I doubt even if you went back to the store you left nobody is still there that would even remember working with you.


----------



## crimsondandelion (Jun 8, 2021)

Dream Baby said:


> Then again you could ask them to hire you full time and go from there.
> 
> I doubt even if you went back to the store you left nobody is still there that would even remember working with you.


A surprising number of them still work there, including my ex, unfortunately. If she wasn't there, I'd just apply there. Wasn't a bad store and leadership loved me.

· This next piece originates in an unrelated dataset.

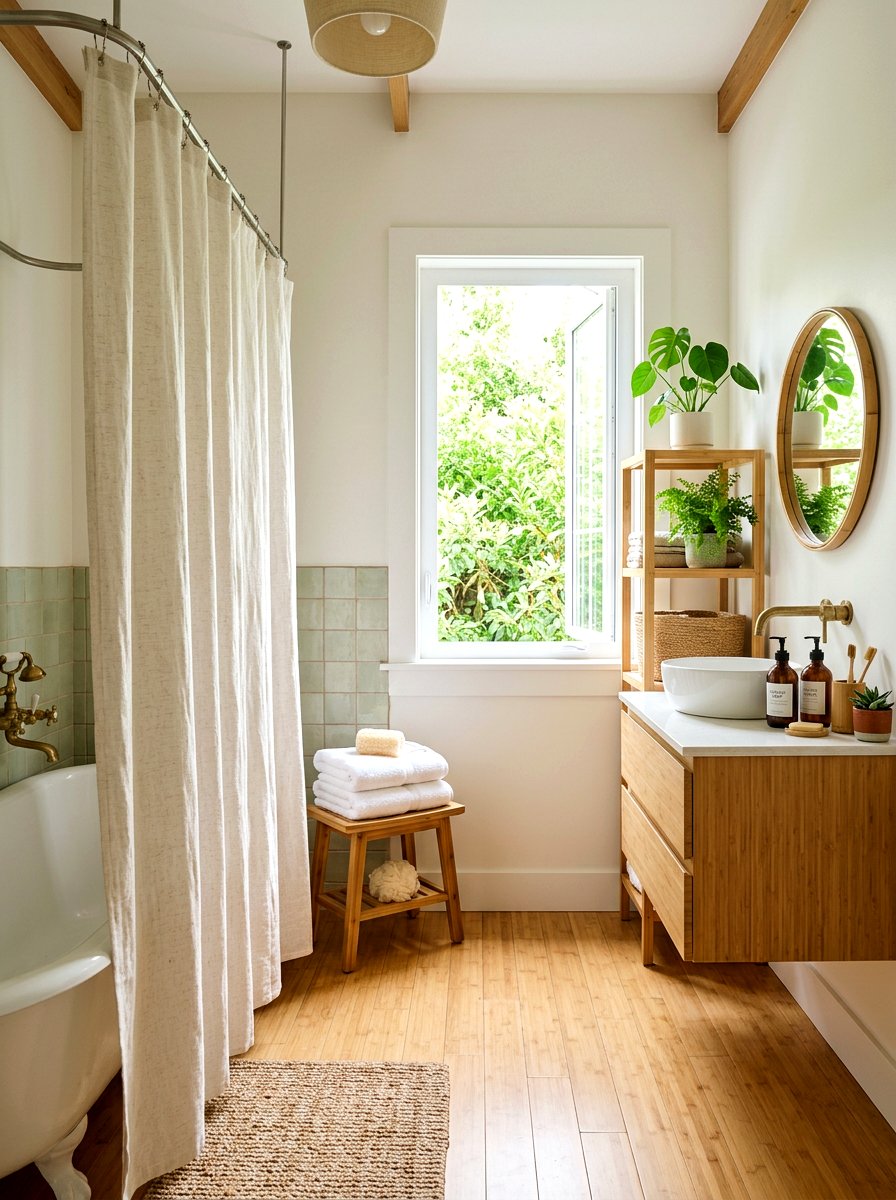 Organic Linen Shower Curtain - 30 linen shower curtain ideas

And I thought only TL and up could be full time, or has that changed?


----------



## Hardlinesmaster (Jun 9, 2021)

Getting benefits is the hardest thing to get or keep at spot. Hours remain inconsistent more than ever.
Spot wants part timers to do full time work with no hours with crazy expectations for task completions.


----------



## BadWolf4531 (Jun 9, 2021)

If you want to go back full time and don't want to be TL+, I would recommend applying for Fulfillment Expert. That is the one workcenter that seems to have a bottomless bucket of payroll and every team member with open availability is consistently scheduled 40 hours for.


----------



## crimsondandelion (Jun 9, 2021)

mathprofmatt said:


> If you want to go back full time and don't want to be TL+, I would recommend applying for Fulfillment Expert. That is the one workcenter that seems to have a bottomless bucket of payroll and every team member with open availability is consistently scheduled 40 hours for.

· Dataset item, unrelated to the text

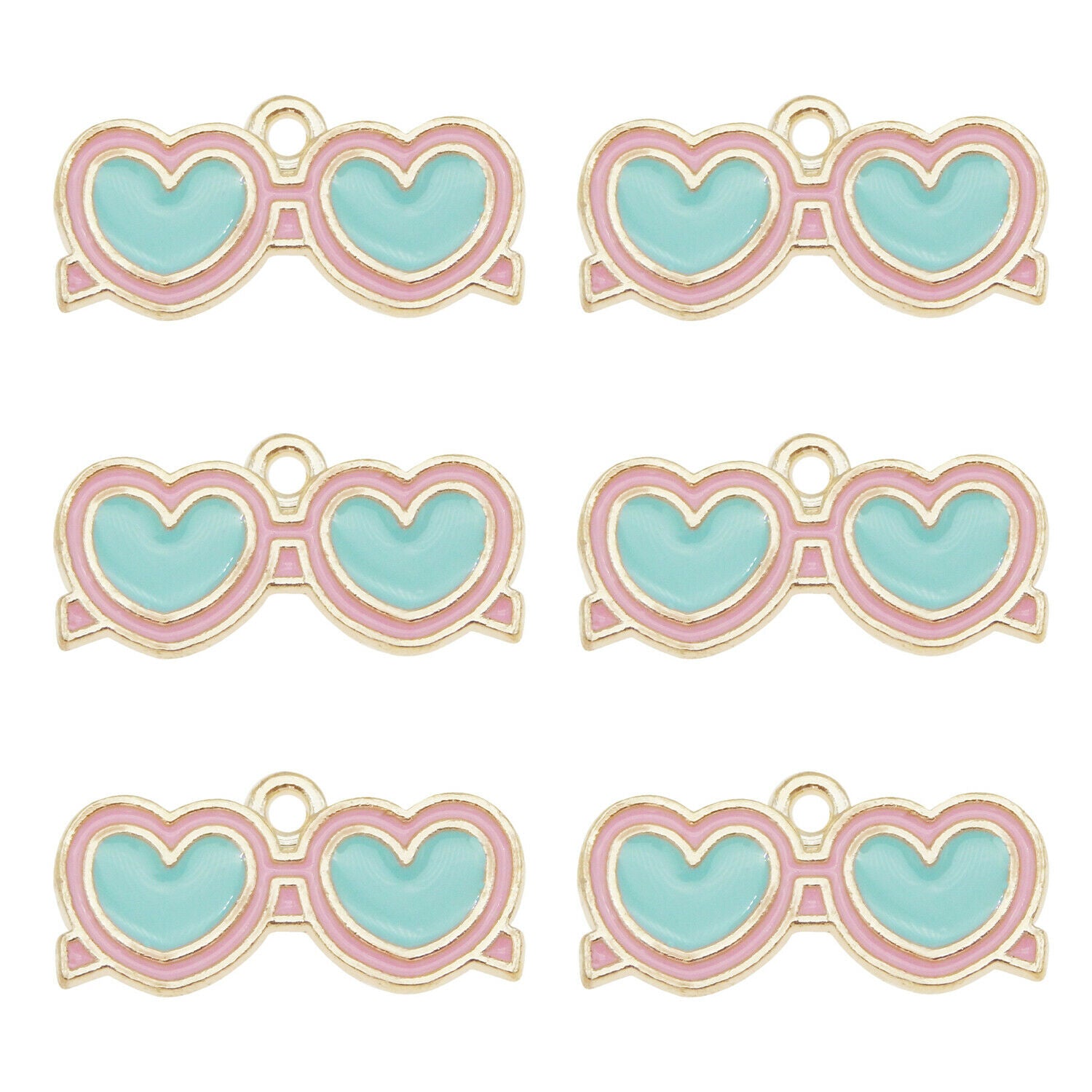 20pcs Enamel Charm Heart Glasses Bracelet Alloy Pendant Jewelry Crafting 21x10mm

Good to know, thanks. That's the position I'm hoping I can get hired for, cuts back on guest interactions to a certain extent, and keeps you moving. Pretty much the exact opposite of my sedentary phone job right now. I just hope I can note that as a preference on the application since they seem to group multiple positions per listing now.


----------



## JohnSith373 (Nov 1, 2021)

Yetive said:


> After 90 days away, you become a brand new team member.


@Hardlinesmaster 
Hard to find additional information on this topic. While under the 90 days away, can you get rehired/reinstated at non-original store and not be a new team member in the system?


----------



## Hardlinesmaster (Nov 2, 2021)

JohnSith373 said:


> @Hardlinesmaster
> Hard to find additional information on this topic. While under the 90 days away, can you get rehired/reinstated at non-original store and not be a new team member in the system?


I think you will be in the system for 6 months. Benefits side are based on hours worked. Call hr & tell you worked for spot before at this store.


----------